> [WORK TO BE COMPLETED]: Within the records below, find the line with "28 Pieces 1/4" and the line with "VT license plate BWG066", then reproduce exactly those two lines and all lines between them, without any picture.

=== LISTED ENTRIES ===

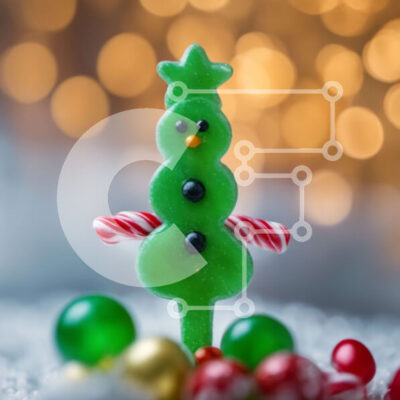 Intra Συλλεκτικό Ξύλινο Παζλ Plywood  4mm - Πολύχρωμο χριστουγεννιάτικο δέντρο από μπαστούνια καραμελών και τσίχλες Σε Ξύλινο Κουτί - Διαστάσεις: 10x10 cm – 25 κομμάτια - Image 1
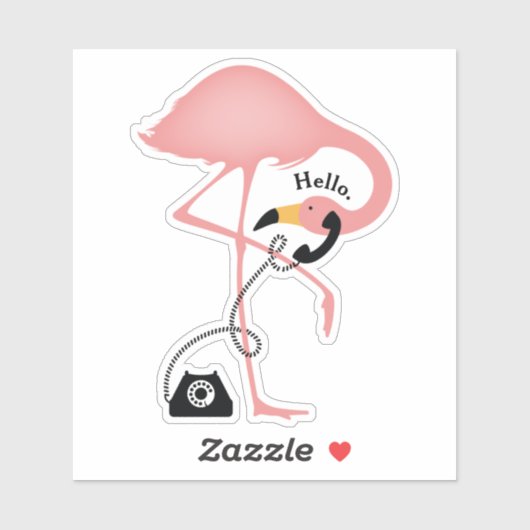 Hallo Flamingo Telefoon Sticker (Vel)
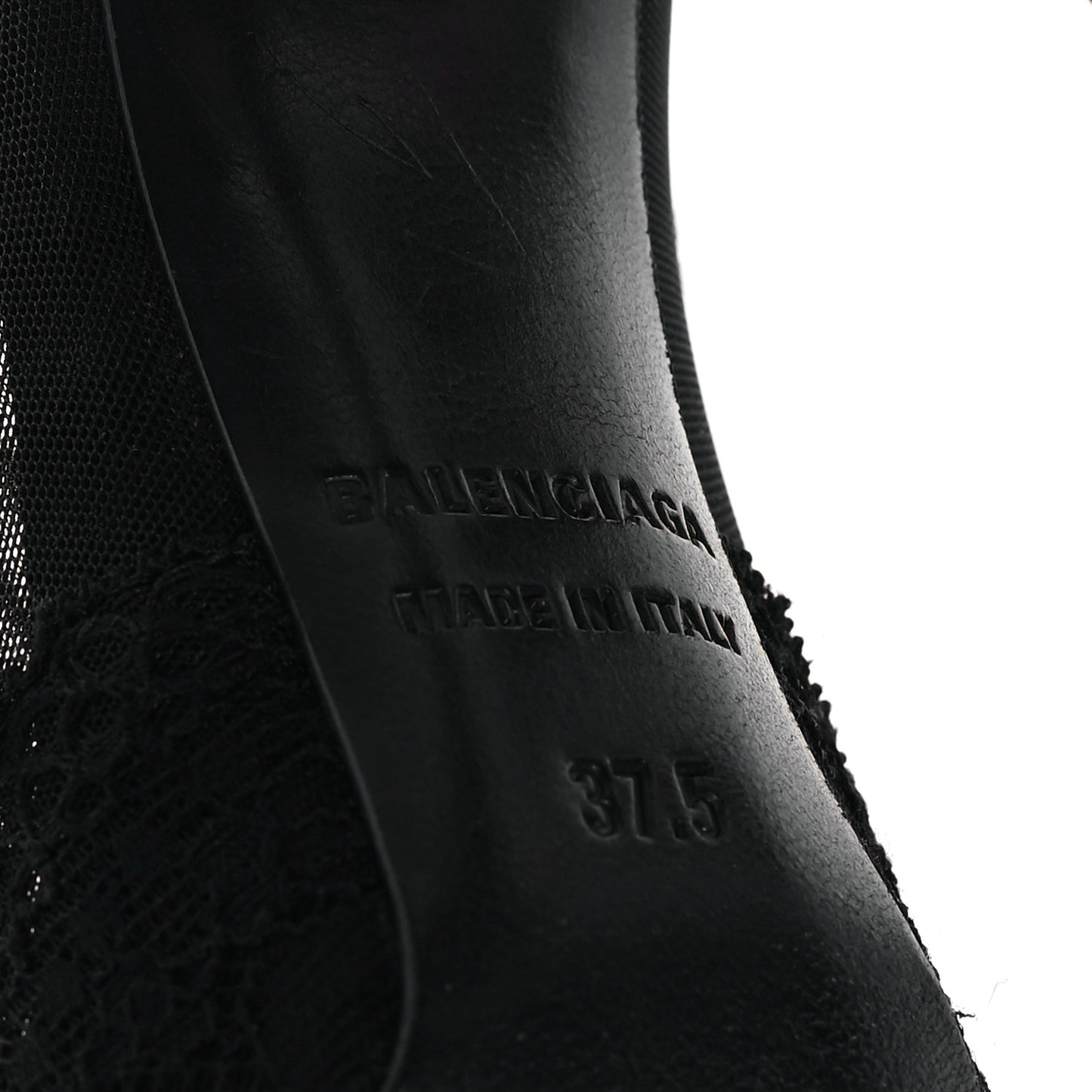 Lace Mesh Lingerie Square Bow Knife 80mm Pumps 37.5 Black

===
=== LISTED ENTRIES ===

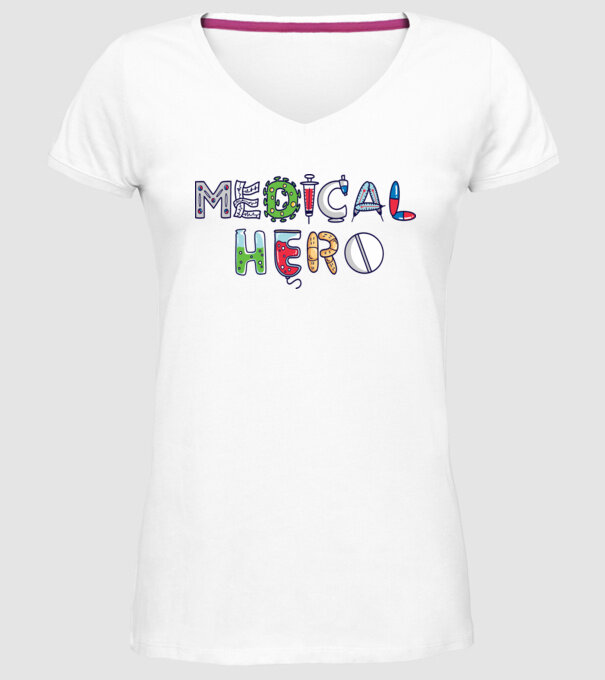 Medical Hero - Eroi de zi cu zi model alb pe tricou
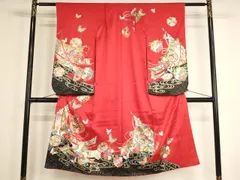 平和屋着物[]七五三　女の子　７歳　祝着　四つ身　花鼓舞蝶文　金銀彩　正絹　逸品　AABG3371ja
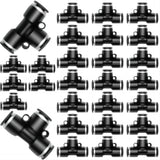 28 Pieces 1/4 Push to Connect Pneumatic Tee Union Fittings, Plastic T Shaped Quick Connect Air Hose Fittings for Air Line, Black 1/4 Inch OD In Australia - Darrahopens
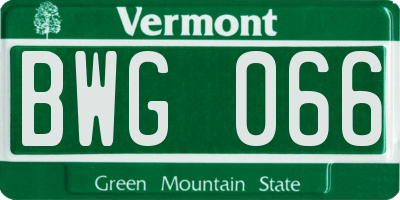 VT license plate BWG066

===

> [EXERCISE RESPONSE]:
 28 Pieces 1/4 Push to Connect Pneumatic Tee Union Fittings, Plastic T Shaped Quick Connect Air Hose Fittings for Air Line, Black 1/4 Inch OD In Australia - Darrahopens
 VT license plate BWG066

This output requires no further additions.